Short story: The method by which money is expended from the Outdoor Heritage Fund -- the fish, game and wildlife portion of Legacy money -- is accessible, transparent and, through the Lessard-Sams Outdoor Heritage Council, "provides oversight of the appropriations on an ongoing basis," according to the auditor.
The Lessard-Sams council recommends projects to the Legislature most likely to help fulfill habitat goals of a 25-year conservation framework.
Yet even before the council was established in state statute in the run-up to the 2008 Legacy Amendment vote, a handful of legislators, notably Rep. Rick Hansen, DFL-South St. Paul, attacked it.
When hunters and anglers proposed formation of the council to safeguard the Outdoor Heritage Fund from legislators, Hansen insisted he and his Capitol colleagues were better suited to spend the money.
If citizens wanted to take part, "they should get an election certificate" -- meaning run for office -- Hansen said. Since then, he has advocated for the council to be disbanded, even though, ironically, he was one of its original members.
But the state's hunters and anglers -- the primary drivers behind the 2008 Legacy vote that increased the state sales tax by three-eighths of 1 percent -- had been fooled previously by legislators and weren't about to let it happen again.
The Environment and Natural Resources Trust Fund, for example, supported by proceeds from the state lottery, was raided not long after the ink dried on the constitutional amendment establishing it.
And until the legislative committee that recommends expenditures from it was modified in recent years to include citizens, the account was considered by some observers to be little more than a slush fund into which senators and representatives dipped to send money to their home districts.
Indeed, had not the Legislature been convinced to establish the Lessard-Sams Council in statute, it's likely many, if not most, hunters and anglers would have voted against the Legacy Amendment. As it happened, nearly 60 percent of voters supported it, a landslide.
At issue since its passage is whether citizen council members should in any way be aligned with conservation or other groups that receive council funding recommendations.
The common-sense answer is: Of course.
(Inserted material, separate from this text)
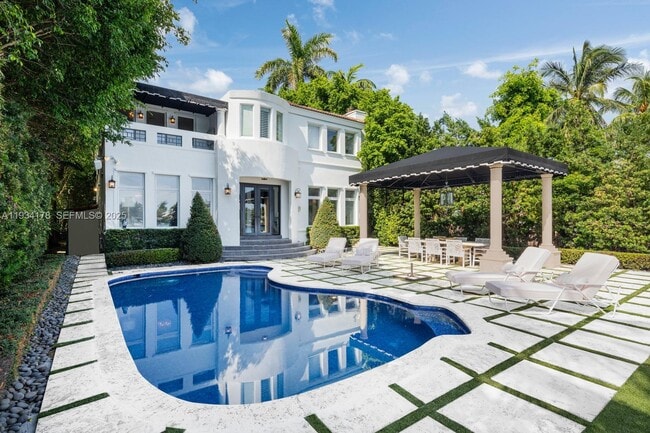 315 E San Marino Dr in Miami Beach, FL - Building Photo - Building Photo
It's they who have the expertise, experience, knowledge and passion to properly direct fund expenditures.
Such valued council members, past and present, include, among others, University of Minnesota professor Mike Kilgore, Nobles County Pheasants Forever chapter president Scott Rall and retired Star Tribune outdoors columnist and TV personality Ron Schara.
These Minnesotans, like others who have served or now serve on the council, have strong conservation ethics and give freely of their time in hopes the state's wetlands might someday be restored, its remaining prairies preserved, its forests kept whole, and to ensure as well that the many recreational opportunities these lands and waters afford to residents be sustained indefinitely.
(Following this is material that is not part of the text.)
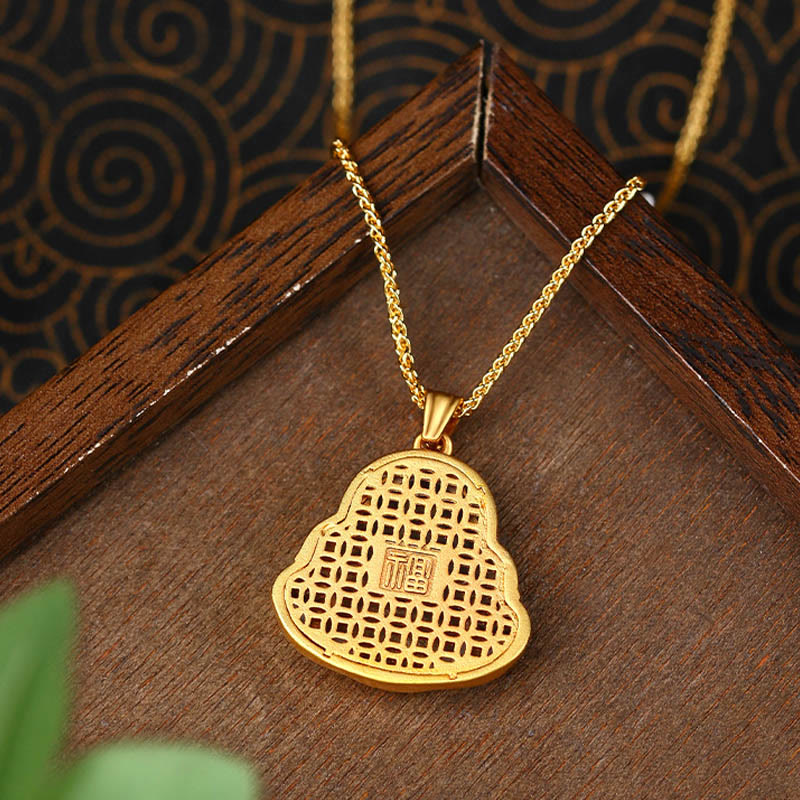 Kette Kupfer Lachender Buddha Filigran Anhänger golden auf Holz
I'm not alone in defense of such volunteers in oversight positions of Legacy Amendment money. Here's what the legislative auditor's report says on the subject:
"We accept that there is value to the state in having people on Legacy-related groups who are knowledgeable about and committed to the public purposes supported by the Legacy Amendment. We acknowledge that they are likely to have relationships and affiliations that will create at least the appearance of conflicts. While some people find that inappropriate and unacceptable, we think the best resolution is for the state to maintain strong conflict of interest policies and ... vigorously adhere to them."
Short story (made a little longer): If you're a hunter, angler or other conservationist who voted for the Legacy Amendment, processes and safeguards are in place to optimize chances money for fish, game and wildlife habitat is being well-allocated, and that improvements to the state, over time, will follow.